Task instructions: Please repeat the records below exactly, skipping any pictures.

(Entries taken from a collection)
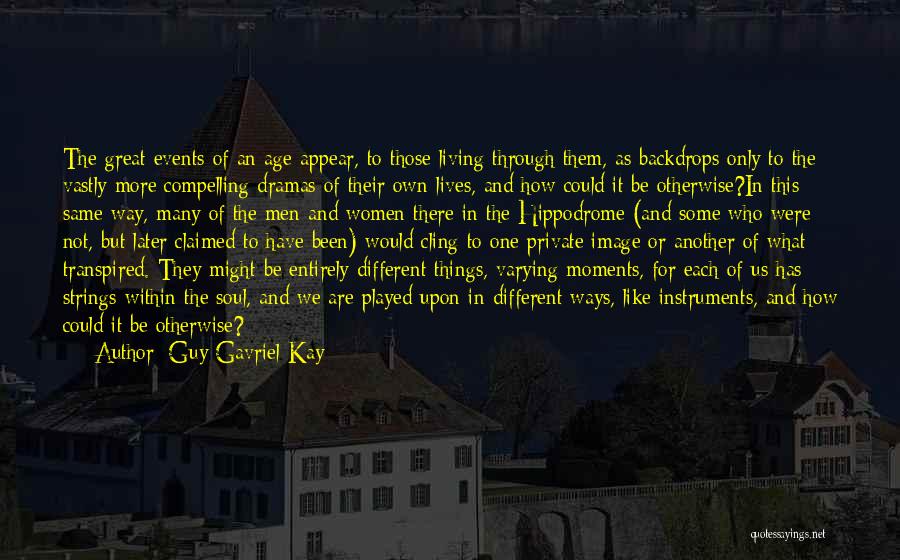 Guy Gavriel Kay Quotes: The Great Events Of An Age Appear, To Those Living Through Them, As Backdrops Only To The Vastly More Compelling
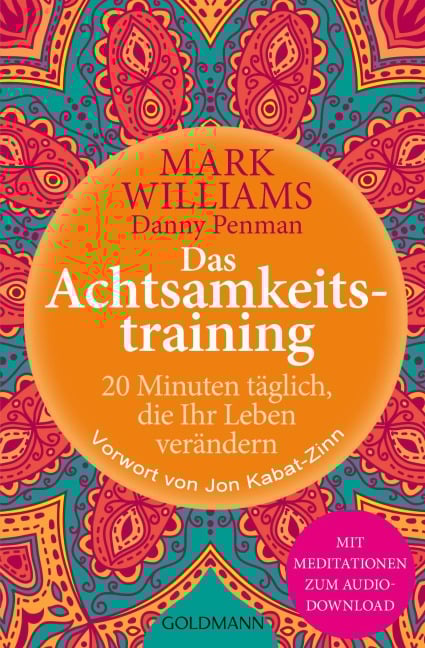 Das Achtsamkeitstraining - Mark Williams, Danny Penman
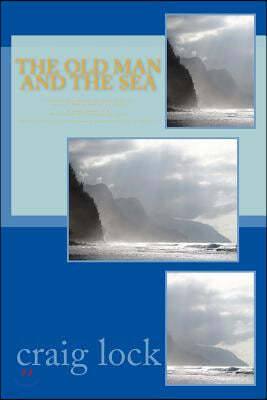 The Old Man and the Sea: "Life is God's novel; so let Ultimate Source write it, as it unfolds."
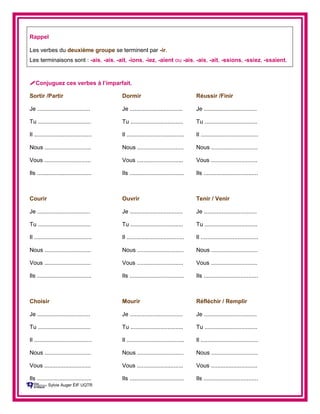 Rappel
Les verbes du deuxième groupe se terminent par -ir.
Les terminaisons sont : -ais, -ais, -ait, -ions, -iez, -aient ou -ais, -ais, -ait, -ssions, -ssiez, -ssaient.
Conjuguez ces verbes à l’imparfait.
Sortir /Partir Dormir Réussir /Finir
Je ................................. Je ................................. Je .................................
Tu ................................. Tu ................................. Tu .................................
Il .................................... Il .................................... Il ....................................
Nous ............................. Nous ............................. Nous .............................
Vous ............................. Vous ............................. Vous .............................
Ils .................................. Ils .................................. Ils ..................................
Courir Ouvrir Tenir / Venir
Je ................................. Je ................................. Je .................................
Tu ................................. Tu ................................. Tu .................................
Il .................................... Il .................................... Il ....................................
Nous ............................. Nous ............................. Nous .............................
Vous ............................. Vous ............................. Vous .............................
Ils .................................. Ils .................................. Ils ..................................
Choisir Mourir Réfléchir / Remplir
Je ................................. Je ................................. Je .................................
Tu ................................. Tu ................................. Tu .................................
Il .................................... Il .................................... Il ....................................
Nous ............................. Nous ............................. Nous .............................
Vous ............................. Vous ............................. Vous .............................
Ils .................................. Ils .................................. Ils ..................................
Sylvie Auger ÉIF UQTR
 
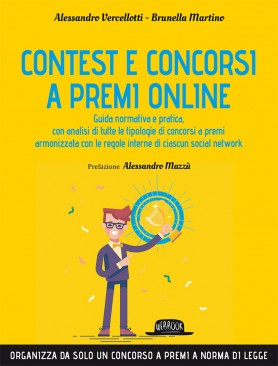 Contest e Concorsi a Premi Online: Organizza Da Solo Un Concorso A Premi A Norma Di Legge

Response:
 Guy Gavriel Kay Quotes: The Great Events Of An Age Appear, To Those Living Through Them, As Backdrops Only To The Vastly More Compelling
 Das Achtsamkeitstraining - Mark Williams, Danny Penman
 The Old Man and the Sea: "Life is God's novel; so let Ultimate Source write it, as it unfolds."
 Rappel
Les verbes du deuxième groupe se terminent par -ir.
Les terminaisons sont : -ais, -ais, -ait, -ions, -iez, -aient ou -ais, -ais, -ait, -ssions, -ssiez, -ssaient.
Conjuguez ces verbes à l’imparfait.
Sortir /Partir Dormir Réussir /Finir
Je ................................. Je ................................. Je .................................
Tu ................................. Tu ................................. Tu .................................
Il .................................... Il .................................... Il ....................................
Nous ............................. Nous ............................. Nous .............................
Vous ............................. Vous ............................. Vous .............................
Ils .................................. Ils .................................. Ils ..................................
Courir Ouvrir Tenir / Venir
Je ................................. Je ................................. Je .................................
Tu ................................. Tu ................................. Tu .................................
Il .................................... Il .................................... Il ....................................
Nous ............................. Nous ............................. Nous .............................
Vous ............................. Vous ............................. Vous .............................
Ils .................................. Ils .................................. Ils ..................................
Choisir Mourir Réfléchir / Remplir
Je ................................. Je ................................. Je .................................
Tu ................................. Tu ................................. Tu .................................
Il .................................... Il .................................... Il ....................................
Nous ............................. Nous ............................. Nous .............................
Vous ............................. Vous ............................. Vous .............................
Ils .................................. Ils .................................. Ils ..................................
Sylvie Auger ÉIF UQTR
 
 Contest e Concorsi a Premi Online: Organizza Da Solo Un Concorso A Premi A Norma Di Legge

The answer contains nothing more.